I have never been one for young romance. From an emotionally unavailable freshman to an uninterested junior, I was completely cynical about teenagers using such weighty vocabulary like "love."
Of course, then someone came into my life to change that. I had always hoped that I'd find myself in a true love situation, but I was expecting it to happen somewhere around 27. So it was the universe's cruel trick to introduce me to my partner the last semester of high school.
As a fairly practical person, I did my best to take things slow and acknowledge that our time of having easy access to each other would quickly come to end. We were going to different colleges in cities too far apart for weekly or even monthly visits. How could I, someone who constantly scoffed at the concept of high school sweethearts, make this work? That reasonable mindset lasted for about one week into the relationship.
Throwing caution into the wind, I dove headfirst into something that I was positive would be more than a summer romance before college — and I was 100% right.
Our first semester apart brought one of the toughest feelings I could have dealt with, and I know I don't stand alone in this one. Other long distance couples will agree. Both halves of the relationship go into a LDR knowing that it's going to be tough. College couples have to especially be serious about their choice. It's no secret that universities introduce a whole new world of activities, classes and people. Dedicating a portion of your life to making sure someone miles away knows their love can sometimes be as difficult as a term paper.
Although first semester was comprised of counting down the days until we saw each other, winter break was a paradise, an oasis in the middle of a desert of video calls, morning texts and heart-eyed Snapchats. The boyfriend-shaped dent in my mattress was filled yet again and everything was right in the world!
This went on for a blissful month until it was back to the grind of class. As we all come to the close of our first month of spring semester, I have to tell any young couples who are wondering if it gets better as you continue: the answer is no.
I know exactly how I felt first semester. I was undoubtedly missing my partner, but I had some other things to deal with as well. While he was always on my mind, I had new classes to get used to, a new job, a whole campus to explore. Of course, every moment there was a lag in a lecture my mind wandered to my guy, but with all the new activity, it was easier to distract myself from the situation at hand.
Starting this semester has been completely different. I've gotten into the flow of classes, work is work and I'm keeping to my studies more strictly. This leaves a lot of time to feel like I'm missing out on quality time with my guy.

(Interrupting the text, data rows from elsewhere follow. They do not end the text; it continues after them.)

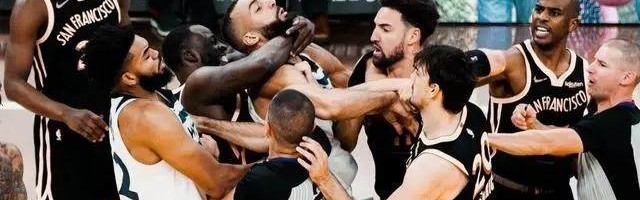 开云体育（官网）app下载-勇士森林狼冲突罚单揭晓 格林禁赛5场三人被罚款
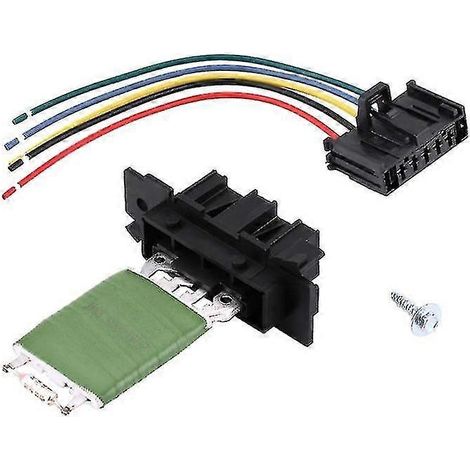 Résistances de moteur de ventilateur pour Jumper Boxer Ducato 77364061, 6450XR (1/5)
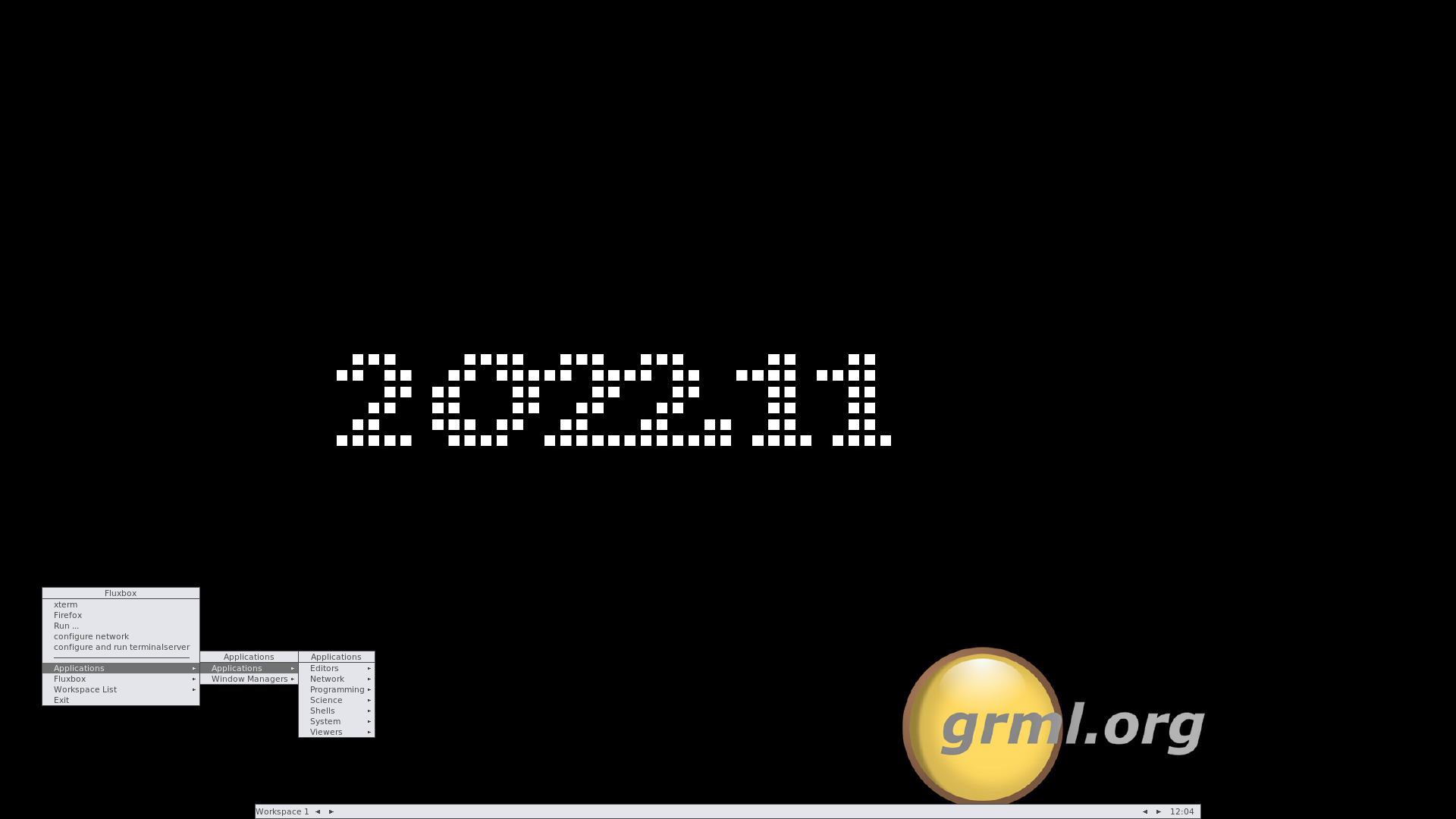 Grml desktop screenshot: 2022.11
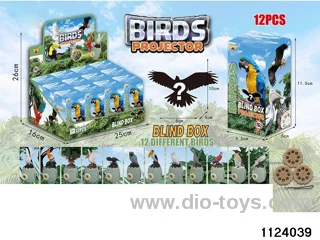 Bird's egg projection blind box series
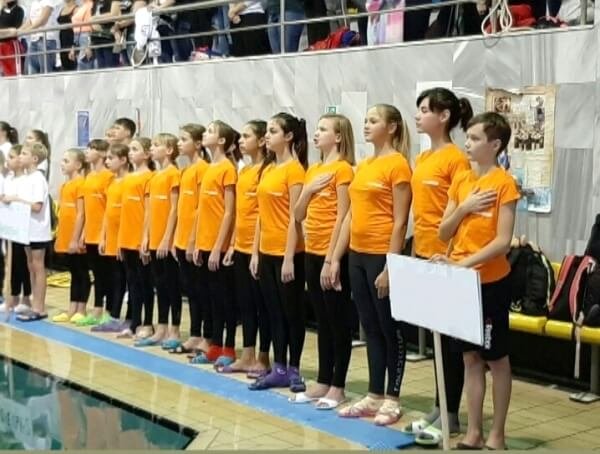 Спортсмены Донецкой области по синхронному плаванию — среди лучших в Украине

I'm trying to stay positive, though; and although that sounds unbelievably cliche, anyone else in a LDR in college should stick to that mentality. There will be days where you are upset with the situation. It will feel like you and your partner are on completely different planets. But if you're in it for the long haul, four years will go by in the blink of an eye and you will cherish every moment you do get to spend with your significant other.